BEGIN COLLECTED MATERIAL

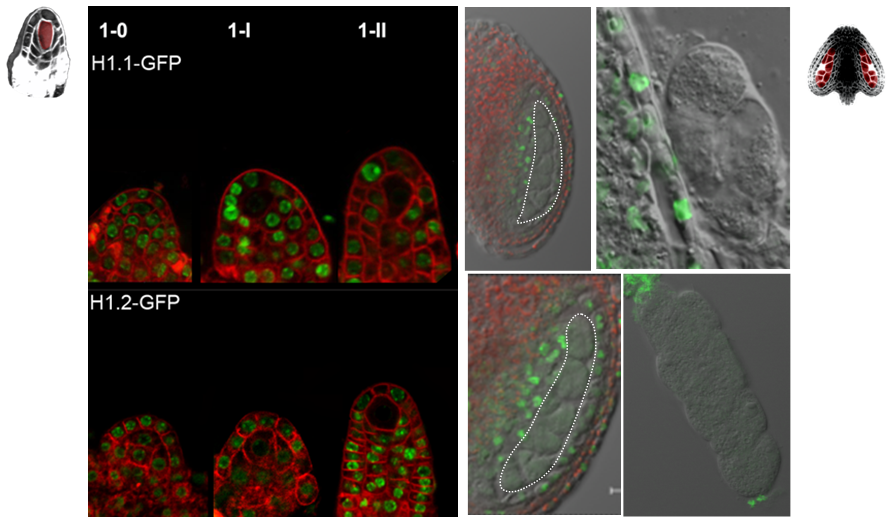 Linker histones’ dynamics during female and male sporogenesis in Arabidopsis thaliana.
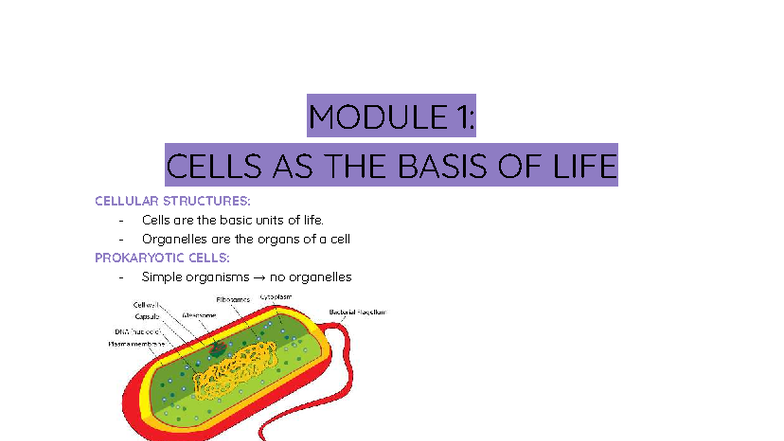 Module 1: Cells as the Basis of Life - Overview of Cellular Structures ...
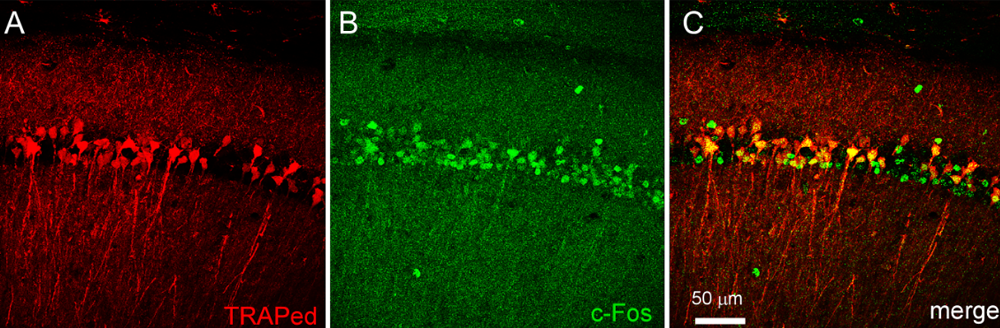 Early life seizure-associated neurons (A, red cells) are preferentially re-activated by later life seizures (B, green cells; C, combined).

END COLLECTED MATERIAL

** WORK INSTRUCTIONS **
Your job is to reproduce the material exactly. Keep pictures out of it.

** WRITTEN RESPONSE **
 Linker histones’ dynamics during female and male sporogenesis in Arabidopsis thaliana.
 Module 1: Cells as the Basis of Life - Overview of Cellular Structures ...
 Early life seizure-associated neurons (A, red cells) are preferentially re-activated by later life seizures (B, green cells; C, combined).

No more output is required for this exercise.